**PROBLEM DESCRIPTION**
Leave the images out, and otherwise write out each entry exactly.

══ EXERCISE INPUT ══

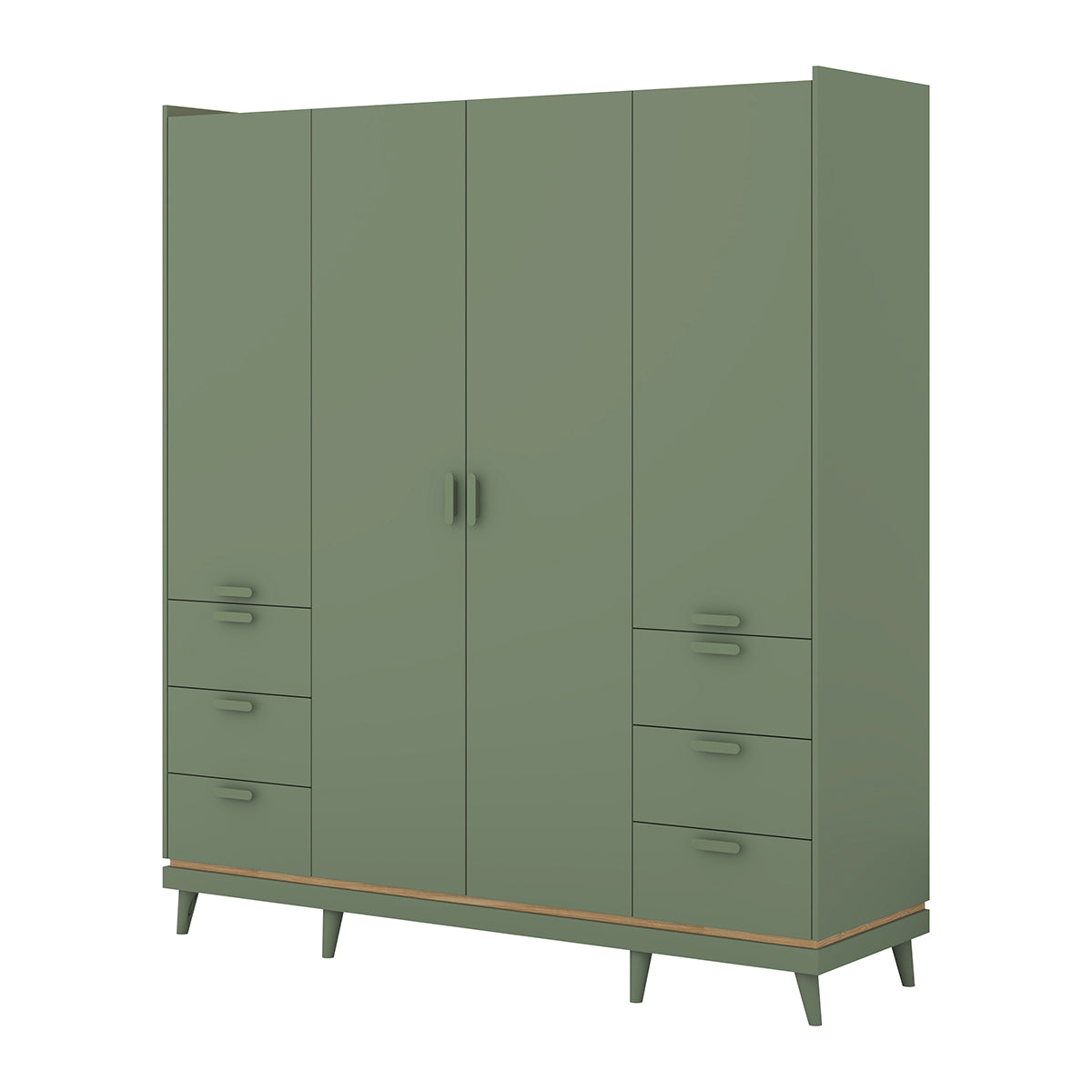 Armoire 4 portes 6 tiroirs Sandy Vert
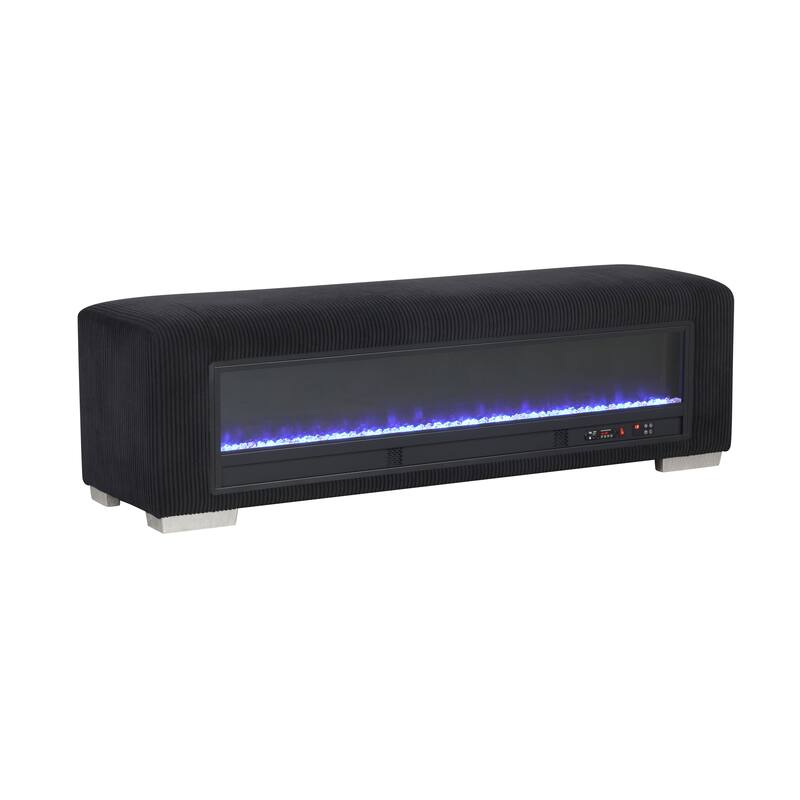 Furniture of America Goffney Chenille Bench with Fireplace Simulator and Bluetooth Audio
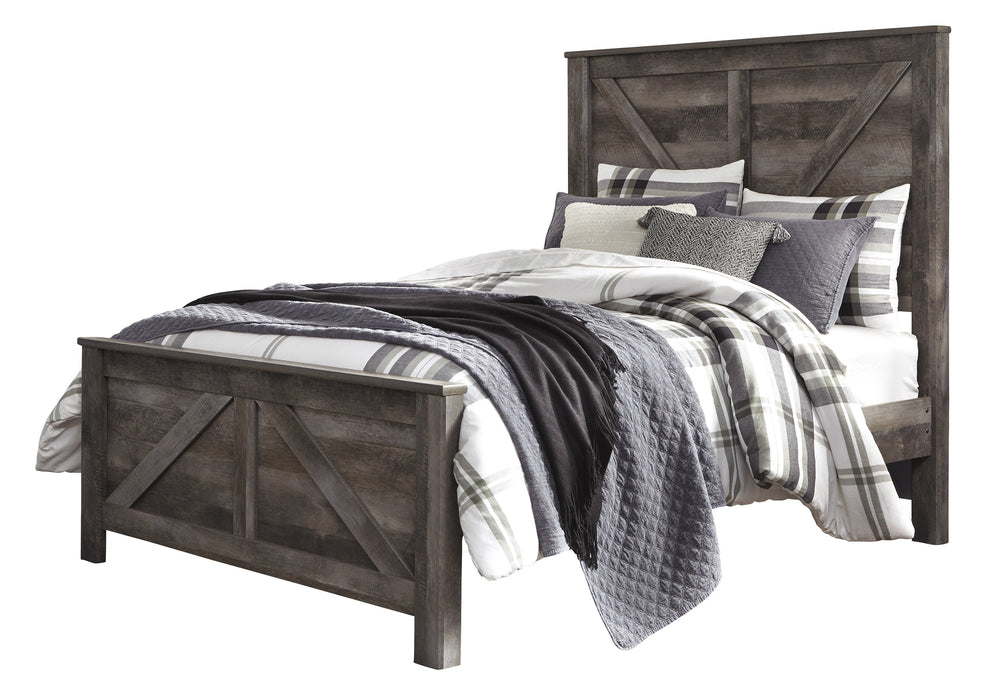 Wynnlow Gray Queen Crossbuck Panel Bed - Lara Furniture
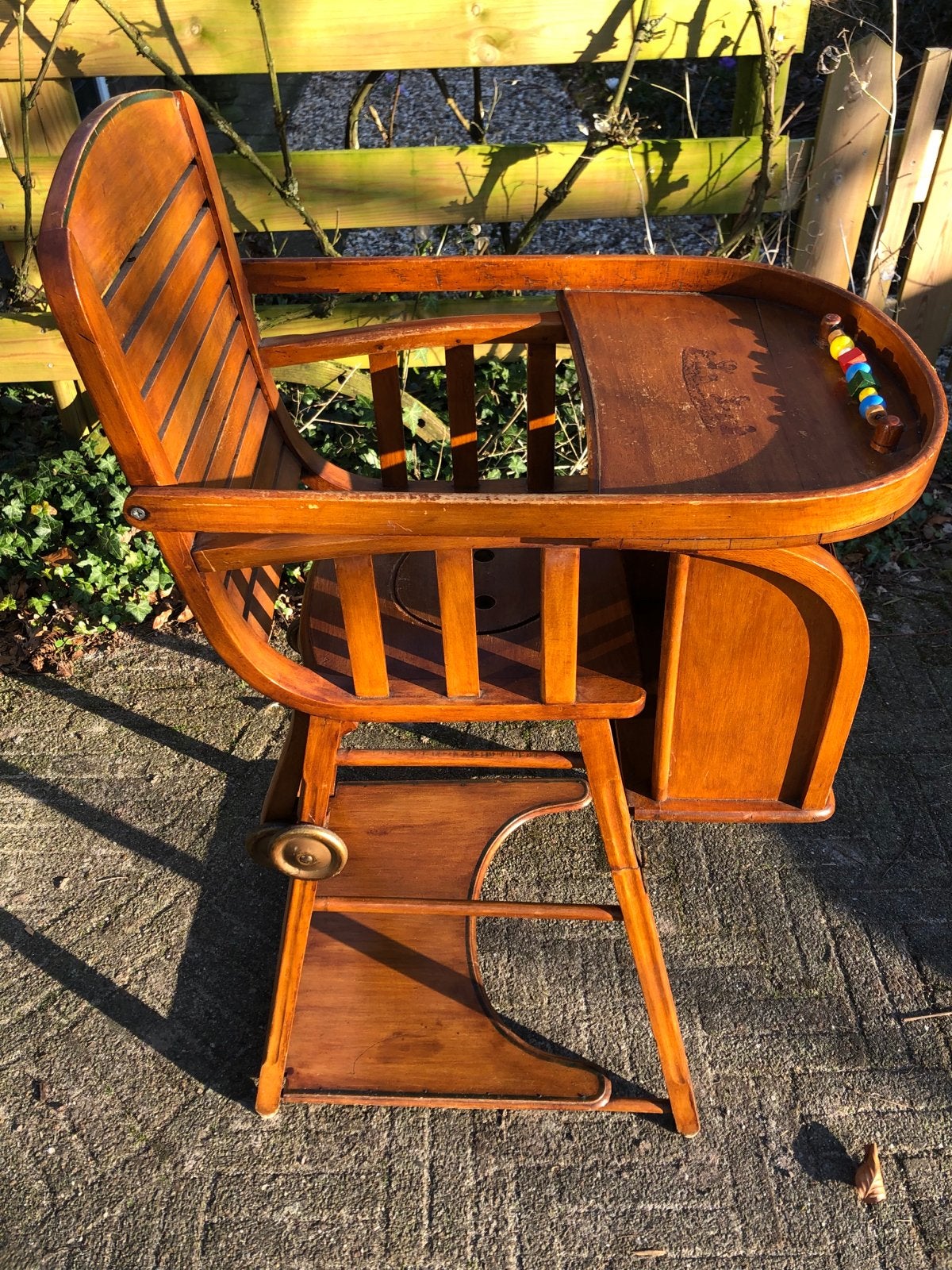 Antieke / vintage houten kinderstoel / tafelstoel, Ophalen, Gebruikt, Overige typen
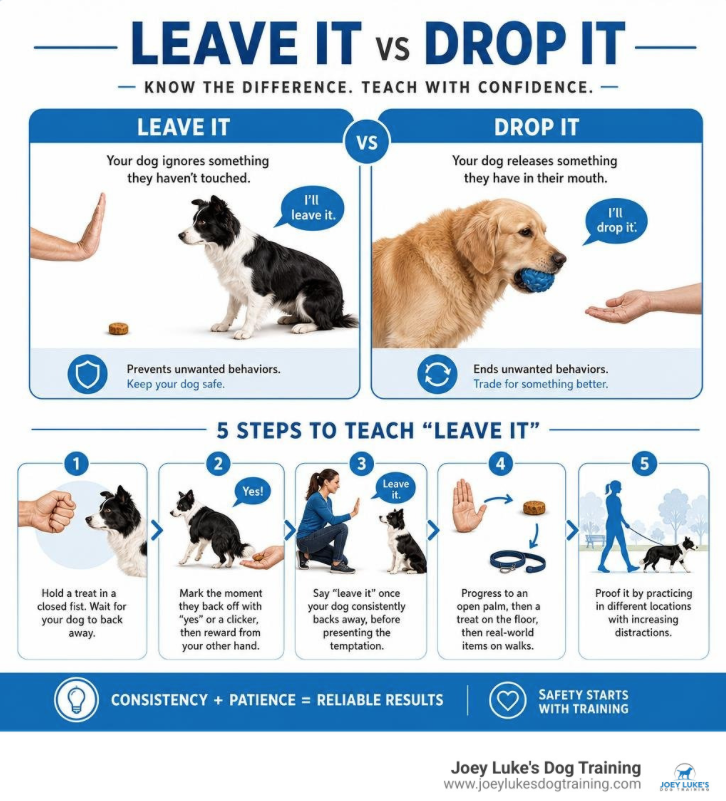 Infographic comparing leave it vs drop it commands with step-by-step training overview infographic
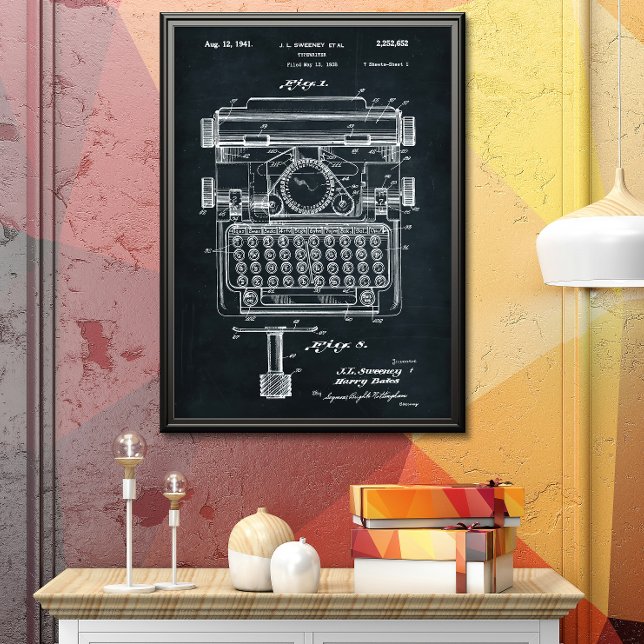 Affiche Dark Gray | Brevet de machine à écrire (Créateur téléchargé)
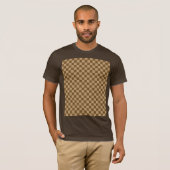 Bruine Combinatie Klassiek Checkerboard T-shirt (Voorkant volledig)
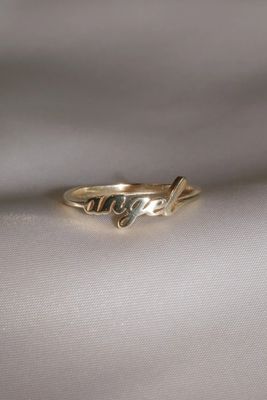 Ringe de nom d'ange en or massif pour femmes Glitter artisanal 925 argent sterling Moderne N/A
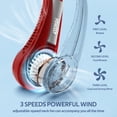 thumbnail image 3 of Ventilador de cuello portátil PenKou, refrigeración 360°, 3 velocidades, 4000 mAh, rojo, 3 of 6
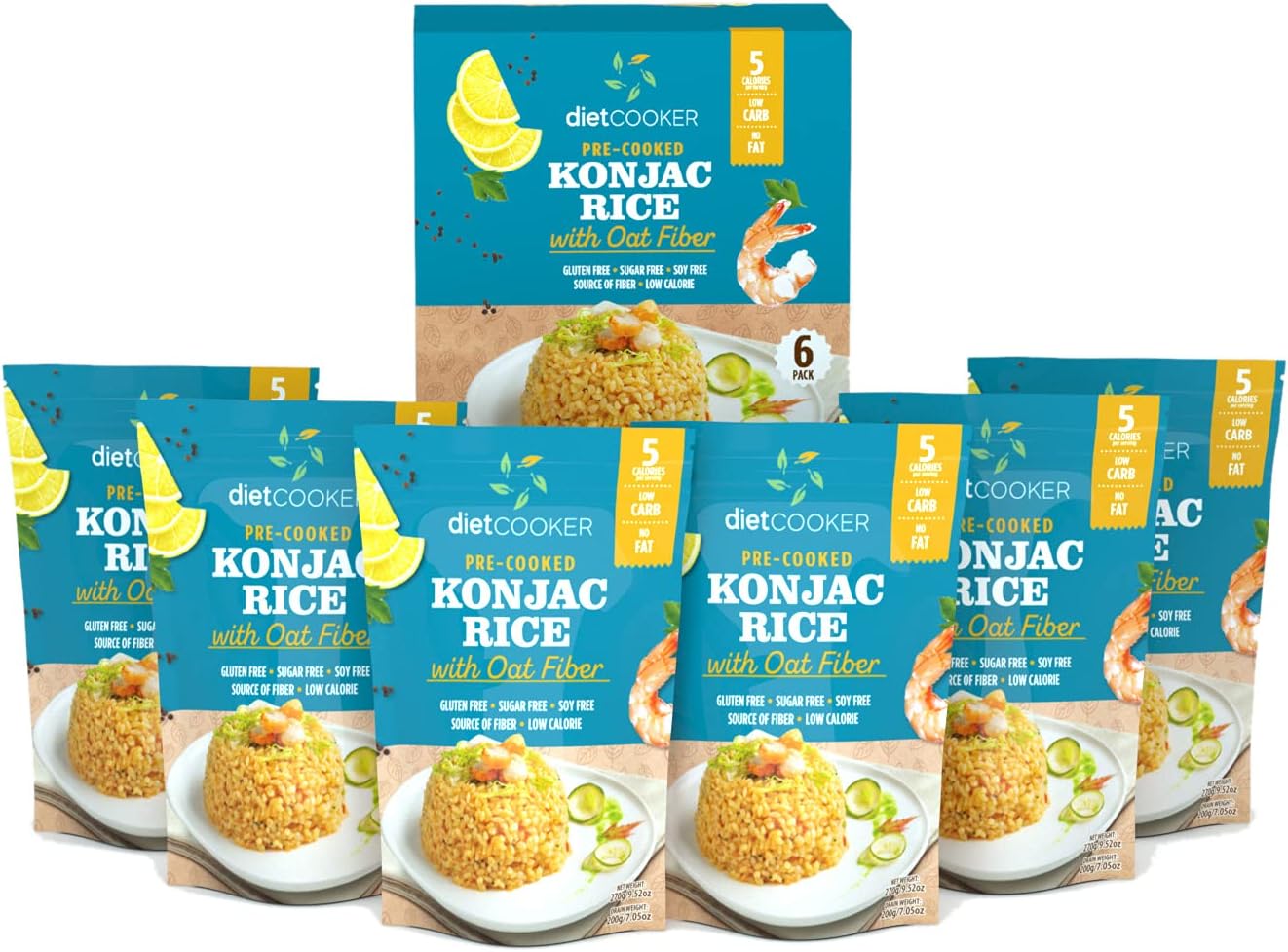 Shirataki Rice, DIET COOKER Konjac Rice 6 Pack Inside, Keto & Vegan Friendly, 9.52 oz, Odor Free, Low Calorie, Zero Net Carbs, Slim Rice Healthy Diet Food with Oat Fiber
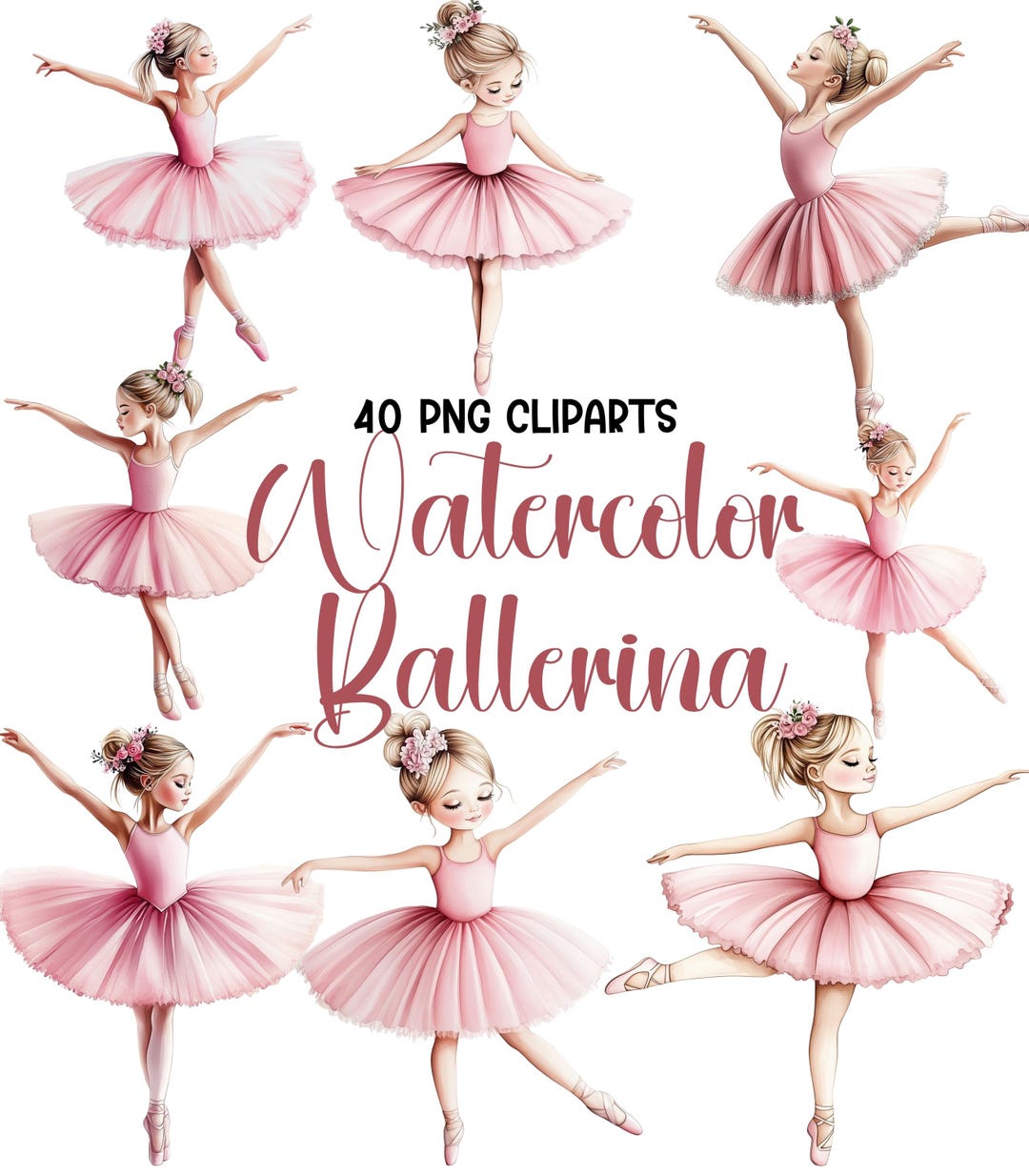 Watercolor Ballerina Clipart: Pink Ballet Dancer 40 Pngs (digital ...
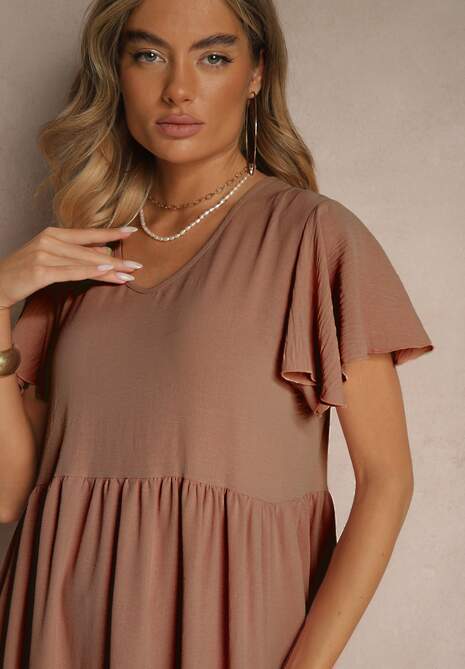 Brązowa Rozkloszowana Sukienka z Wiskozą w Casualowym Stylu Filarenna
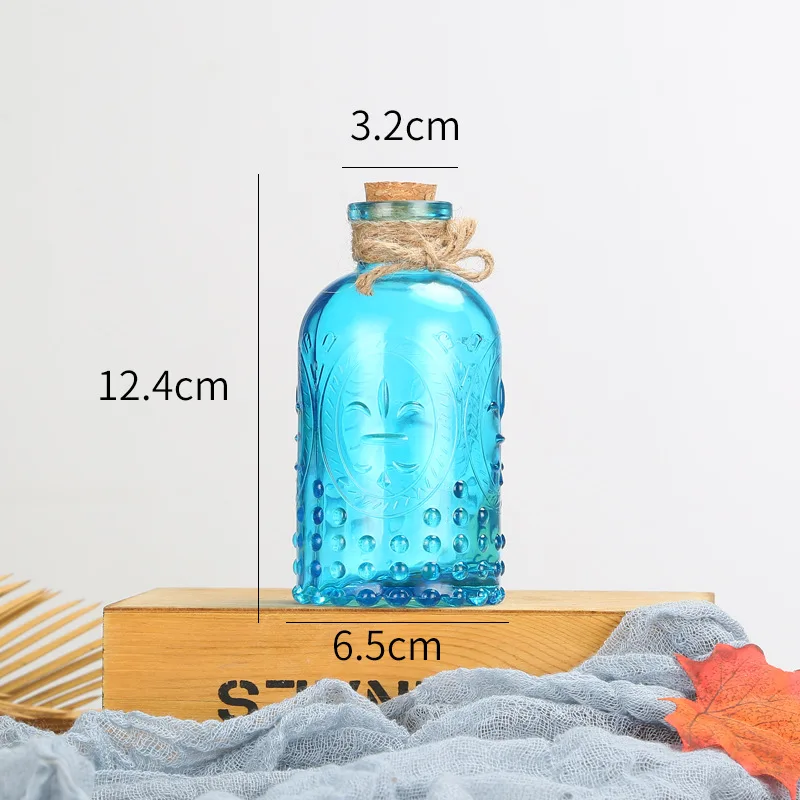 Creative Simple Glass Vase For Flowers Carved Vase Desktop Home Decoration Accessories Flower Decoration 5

═══

**EXERCISE SOLUTION**
 Armoire 4 portes 6 tiroirs Sandy Vert
 Furniture of America Goffney Chenille Bench with Fireplace Simulator and Bluetooth Audio
 Wynnlow Gray Queen Crossbuck Panel Bed - Lara Furniture
 Antieke / vintage houten kinderstoel / tafelstoel, Ophalen, Gebruikt, Overige typen
 Infographic comparing leave it vs drop it commands with step-by-step training overview infographic
 Affiche Dark Gray | Brevet de machine à écrire (Créateur téléchargé)
 Bruine Combinatie Klassiek Checkerboard T-shirt (Voorkant volledig)
 Ringe de nom d'ange en or massif pour femmes Glitter artisanal 925 argent sterling Moderne N/A
 thumbnail image 3 of Ventilador de cuello portátil PenKou, refrigeración 360°, 3 velocidades, 4000 mAh, rojo, 3 of 6
 Shirataki Rice, DIET COOKER Konjac Rice 6 Pack Inside, Keto & Vegan Friendly, 9.52 oz, Odor Free, Low Calorie, Zero Net Carbs, Slim Rice Healthy Diet Food with Oat Fiber
 Watercolor Ballerina Clipart: Pink Ballet Dancer 40 Pngs (digital ...
 Brązowa Rozkloszowana Sukienka z Wiskozą w Casualowym Stylu Filarenna
 Creative Simple Glass Vase For Flowers Carved Vase Desktop Home Decoration Accessories Flower Decoration 5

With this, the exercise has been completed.